The noted investor and entrepreneur James Altucher posted a piece on running a business on TechCrunch. The piece got a lot of positive reviews, but we took issue with some of the points raised in it.
While it can be very useful to try to narrow things down to the most simple, elegant form, and remove any distractions, over-simplification often leads astray. For instance, regarding incorporation:
1) C Corp or S Corp or LLC?
C-Corp if you ever want to take on investors or sell to another company.
This thinking has changed. In the first d0t-com wave, S-Corp was the norm, and mandated form if you wanted to take in venture capital. Nowadays, almost all bootstrapped companies that we work with are LLCs, and convert only if and when needed.
And regarding VCs as advisors:
13) Do you listen to venture capitalist?
Yes, of course. They gave you money. But then don’t do anything they ask you to do.
That’s a surefire way to piss off your board.
21) Should I ever focus on SEO?
I’ve seen B2B SaaS companies use content marketing + SEO to generate significant, well-qualified volumes of leads. Whitepapers = corporate candy. SEO (white-hat techniques only, please) on them makes them that much better.

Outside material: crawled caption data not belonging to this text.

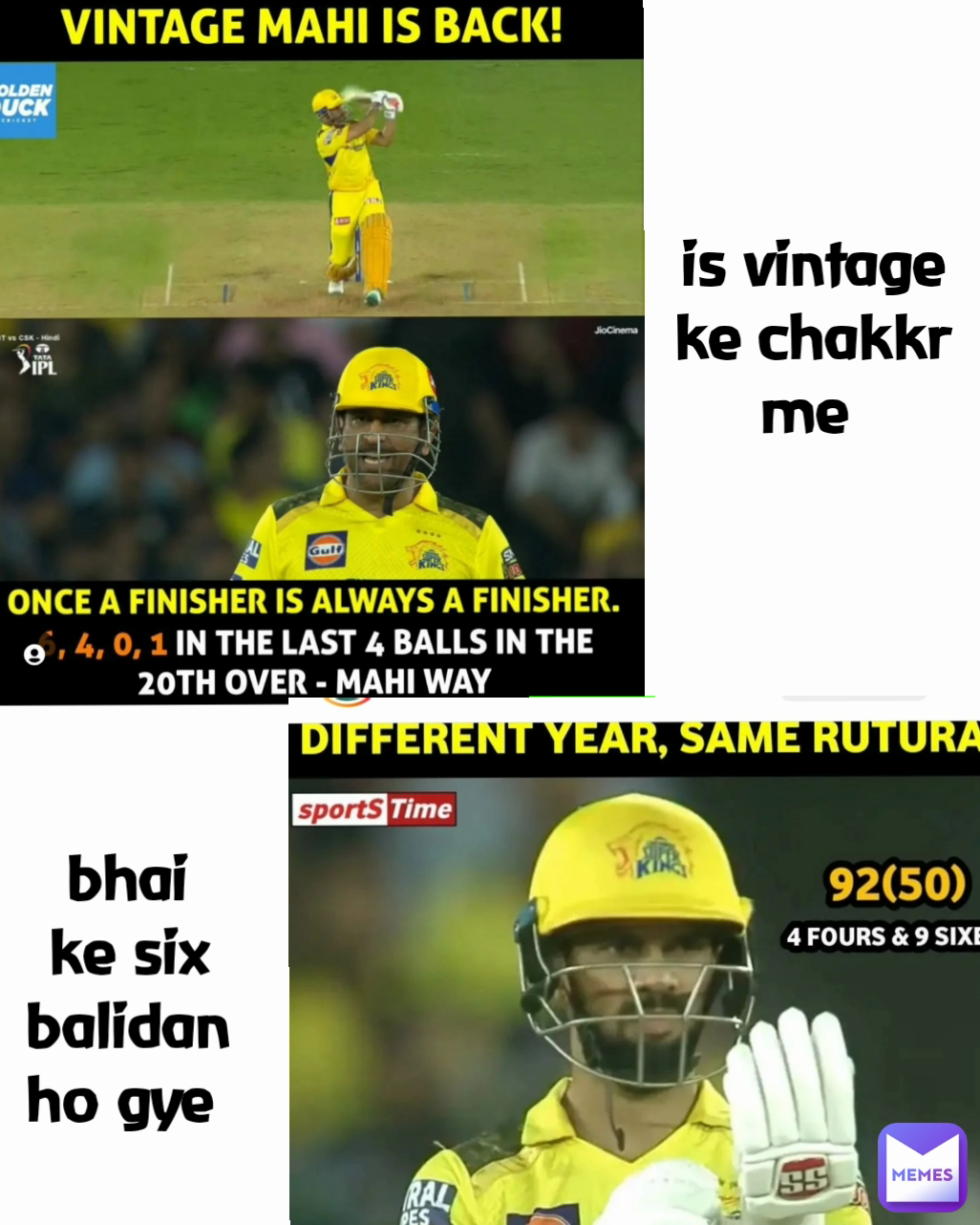 is vintage ke chakkr me  Type Text bhai ke six balidan ho gye 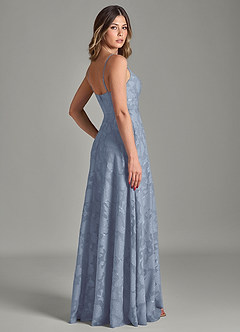 Azazie Amani 신부 들러리 드레스 A라인 주름진 플로럴 번아웃 바닥 길이 드레스 image2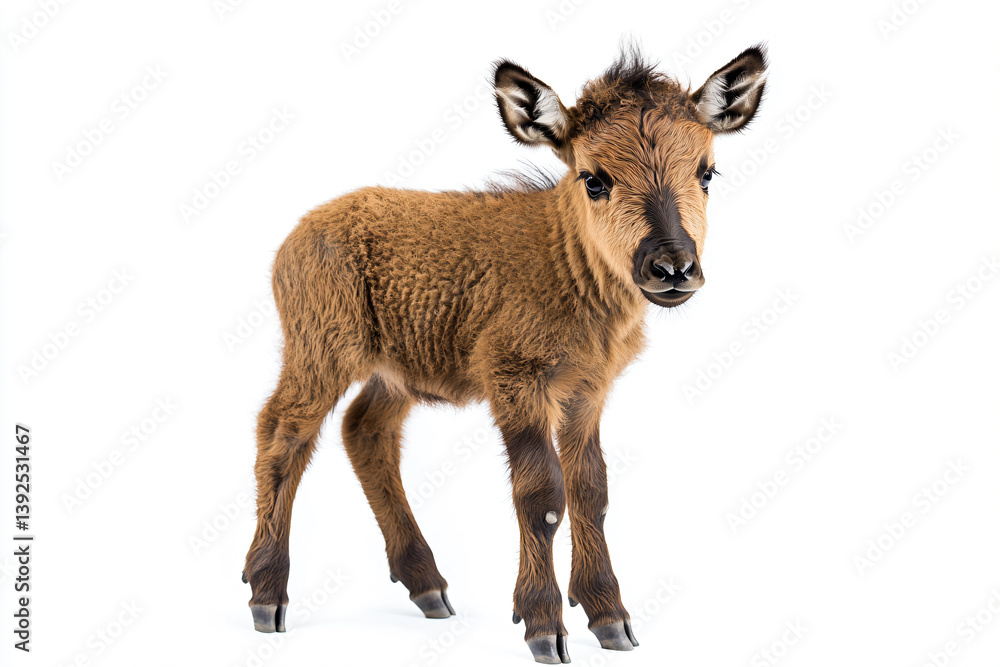 Obraz premium a small brown goat standing on top of a snow covered ground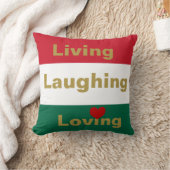 リビング、笑い、愛情のある装飾用クッション クッション (ブランケット)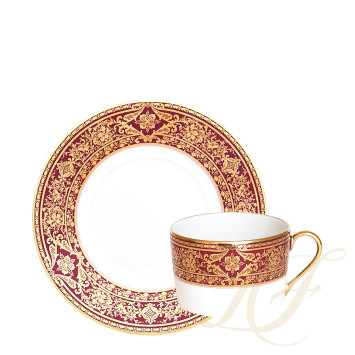 Чашка чайная с блюдцем 0,14л коллекции Matignon Cerise Or бренда Haviland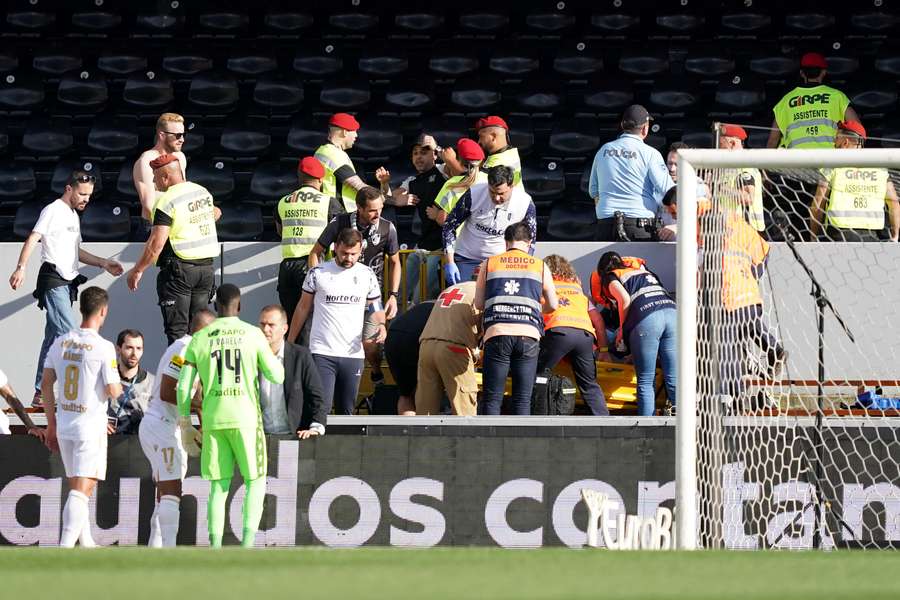 Supporter was transported to hospital, game was resumed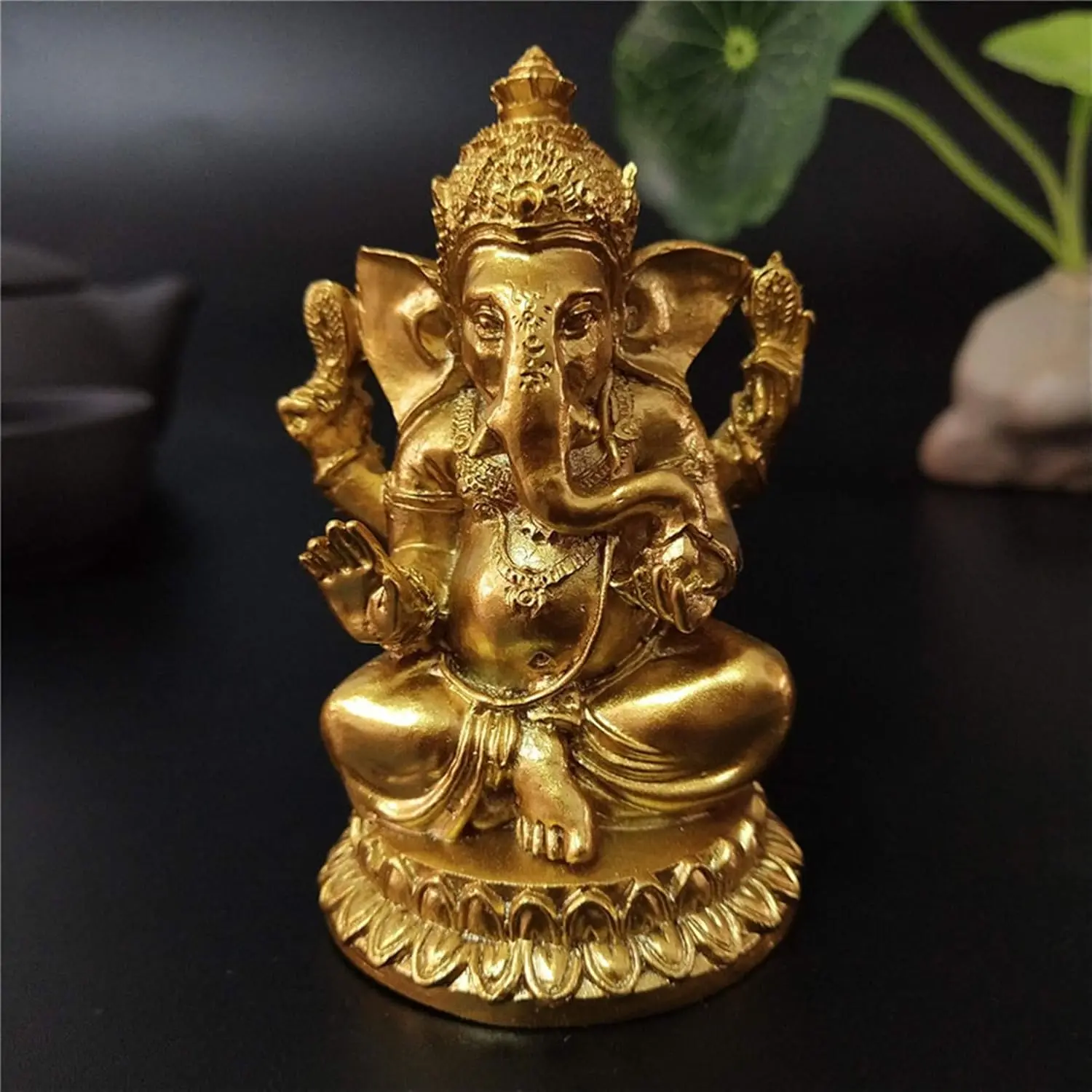 Gold Lord Ganesha Resin Statue - Hindu Elephant God of Hinduism for Good Luck & Wealth, Handmade Religious Decor, Interior Room Decor Ornament for Home Living Room Gift, Decorative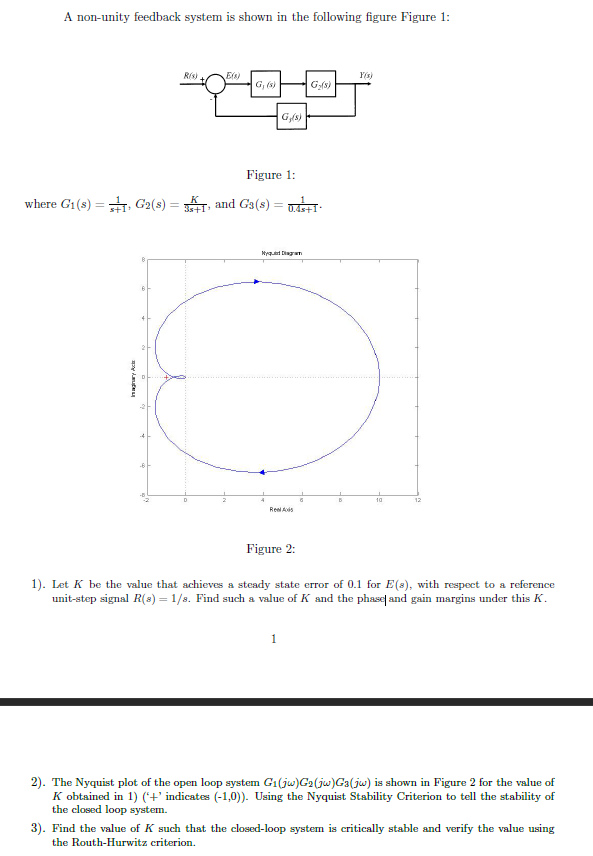 Solved A non-unity feedback system is shown in the following | Chegg.com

22) Should I do social media marketing?
I’ve seen B2C companies with huge success using social media. Dell Outlet on Twitter has over 1M followers and good results. If the point is that startups can’t leverage it as effectively, then fair enough. But it’s worthwhile, especially if you can let an intern manage it.
81) My wife/husband thinks I spend too much time on my startup?
Divorce them or close your business.
Hmm… Doesn’t sound like sage advice. If you have a supportive spouse or partner that can listen to you and let you vent as you go through any startup’s trials and tribulations, you’ll be that much better off.